Veteran journalist, author and commentator Kuldip Nayar was lucid and specific in his column captioned, “A Page from ‘Quit India' Movement”. [Mainstream, Vol. LIV, No. 33, August 6, 2016] His anger against the colonial rulers for the atrocities committed against the Indians is fully justifiable and understandable. But may I request him to place alongside the atrocities Indians have committed against the underprivileged country-men because of caste prejudice?

This is utterly indefensible for any Indian to be perceived as a defender of Churchill at this point of time. This is not in defence of the imperialist Prime Minister any way. But my question is: have we kept count of Indians who have fallen to the hatred of Indians and lost lives because of caste hatred, animosity and brutalities nursed against them? The British officialdom in India had the duty to defend their colony and colonial rule here. What did the Indians achieve by killing, murdering, raping and violating the untouchables? Every Hindu Indian from the upper echelons believed to enjoy an inherent right to kill, destroy and damage another inferior Indian merely on the ground of hatred. Right to life, dignity, happiness and security for socially inferior are not recognised in Hinduism. And Gandhi was a firm devotee of that Hinduism.

This is because of caste in Hinduism. Actually as a common man finds no difference between caste and Hinduism euphemism for their religion. Gandhi proclaimed:

“I am a Hindu because it is Hinduism which makes the world worth living.”

(source: Young India,1-12-26) Look at India at any point of time in the history. Look at the treatment the devoted Hindus meted out to the underprivileged like Eklavya or Shambuka in the era Hindus are utterly proud of. Look at what has been happening across India from one end to the other. If Gandhi is proud, Eklavya or Shambuka had every reason to call it a beastly religion that favours a man because of his caste; it hates another also because of his caste. The Dalits across India are receiving treatment marked by intense hatred, mindless humiliation, glaring injustice and inequality sanctioned by Hindu scriptures. Murder, rape, arson, physical harm targeting the Dalits and tribals are routine. Hinduism decorated with the four-fold caste system is hell for those at the bottom of the society. It's, of course, a paradise for those at the top. The religion has invested a culture of disrespect in the Hindu mind for the lower social orders. Merit is caste-based and benefit caste-driven. Gandhi prophesied:

“If Brahmanism does not revive, Hinduism will perish.”Gandhi's full testament for caste is abominable and unbelievable.

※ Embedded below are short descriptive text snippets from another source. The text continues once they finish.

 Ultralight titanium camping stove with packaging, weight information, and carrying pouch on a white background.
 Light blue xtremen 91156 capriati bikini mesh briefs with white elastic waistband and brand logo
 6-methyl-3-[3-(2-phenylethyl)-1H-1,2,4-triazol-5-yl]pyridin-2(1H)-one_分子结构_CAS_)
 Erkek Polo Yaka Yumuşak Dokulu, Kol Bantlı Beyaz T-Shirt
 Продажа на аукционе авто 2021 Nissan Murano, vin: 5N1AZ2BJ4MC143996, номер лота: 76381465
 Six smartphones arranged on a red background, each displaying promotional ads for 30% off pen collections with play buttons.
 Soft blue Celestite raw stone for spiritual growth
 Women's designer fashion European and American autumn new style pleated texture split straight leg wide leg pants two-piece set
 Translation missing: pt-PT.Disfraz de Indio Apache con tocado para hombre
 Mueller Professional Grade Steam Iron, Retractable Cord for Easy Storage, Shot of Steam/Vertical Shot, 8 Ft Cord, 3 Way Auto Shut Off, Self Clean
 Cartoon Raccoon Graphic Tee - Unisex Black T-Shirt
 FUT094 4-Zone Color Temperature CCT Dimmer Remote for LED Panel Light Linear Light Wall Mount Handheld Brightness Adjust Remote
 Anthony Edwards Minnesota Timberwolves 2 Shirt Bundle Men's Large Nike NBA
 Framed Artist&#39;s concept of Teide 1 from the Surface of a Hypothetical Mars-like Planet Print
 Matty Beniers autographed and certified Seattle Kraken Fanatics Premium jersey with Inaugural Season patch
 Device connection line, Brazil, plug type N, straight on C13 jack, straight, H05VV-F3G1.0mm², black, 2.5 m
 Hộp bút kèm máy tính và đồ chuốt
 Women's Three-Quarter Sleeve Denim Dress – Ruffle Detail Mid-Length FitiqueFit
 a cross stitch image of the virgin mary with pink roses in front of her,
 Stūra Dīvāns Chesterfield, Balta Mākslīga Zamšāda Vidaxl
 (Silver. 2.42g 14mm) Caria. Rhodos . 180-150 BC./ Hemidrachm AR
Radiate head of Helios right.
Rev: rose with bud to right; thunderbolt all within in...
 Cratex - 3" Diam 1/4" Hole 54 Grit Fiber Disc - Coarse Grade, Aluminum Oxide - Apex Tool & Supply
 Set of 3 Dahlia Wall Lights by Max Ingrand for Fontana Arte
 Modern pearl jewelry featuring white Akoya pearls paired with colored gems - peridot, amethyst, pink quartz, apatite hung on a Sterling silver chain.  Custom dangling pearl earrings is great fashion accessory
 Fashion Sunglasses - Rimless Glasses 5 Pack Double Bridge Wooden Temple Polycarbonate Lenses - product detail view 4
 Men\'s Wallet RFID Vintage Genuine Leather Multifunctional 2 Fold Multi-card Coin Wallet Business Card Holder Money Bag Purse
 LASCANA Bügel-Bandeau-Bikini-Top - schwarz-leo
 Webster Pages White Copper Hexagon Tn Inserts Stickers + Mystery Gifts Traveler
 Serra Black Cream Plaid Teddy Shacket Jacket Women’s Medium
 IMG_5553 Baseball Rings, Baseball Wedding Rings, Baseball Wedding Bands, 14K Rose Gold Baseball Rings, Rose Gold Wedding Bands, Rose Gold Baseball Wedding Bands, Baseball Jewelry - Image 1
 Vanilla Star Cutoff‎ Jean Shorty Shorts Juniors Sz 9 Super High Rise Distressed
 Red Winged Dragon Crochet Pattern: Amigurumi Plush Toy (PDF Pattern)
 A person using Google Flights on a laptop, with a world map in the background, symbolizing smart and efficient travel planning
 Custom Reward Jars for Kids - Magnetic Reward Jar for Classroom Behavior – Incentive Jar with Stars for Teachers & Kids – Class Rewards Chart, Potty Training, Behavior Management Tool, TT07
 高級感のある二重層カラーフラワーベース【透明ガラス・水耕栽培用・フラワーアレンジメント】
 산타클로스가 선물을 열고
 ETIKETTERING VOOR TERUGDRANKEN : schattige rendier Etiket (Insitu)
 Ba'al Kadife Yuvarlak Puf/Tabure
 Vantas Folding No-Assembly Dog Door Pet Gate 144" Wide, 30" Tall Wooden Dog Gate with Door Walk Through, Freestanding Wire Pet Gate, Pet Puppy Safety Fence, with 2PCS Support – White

Is there any doubt Brahmanism is the soul of Hinduism? And is also there any grain of suspicion it has made Hinduism a beastly religion that denies dignity to a man inferior in caste? If a religion denies respect, dignity, justice, equality to any section counted as Hindu, how is it a creed? If a religion treats its followers savagely, how does it qualify to be a glorious faith?

In 1942 Akli Devi, a native of Shahabad district of Bihar, was shot dead by the police while participating in the ‘Quit India' Movement. Nobody in Bihar, not to speak of people outside, knows her name. Nothing has been done to commemorate her sacrifice. A widow, she was a Dusadh, one of Bihar's untouchables. Is her extreme sacrifice insignificant in comparison to any who have captured huge space in history? What Churchill curtly observed we may dislike it but it has tons of truth we can ill afford to overlook in national interest. The country can become a nation if we can kill the beast from the religion. The choice is ours. The initiative too rests solely with beastly Indians.

Should we blame others for pointing out the truth to us? Should our failure to rectify our own deficiencies and set our own houses in order lead us to accuse and vilify others as defence mechanism?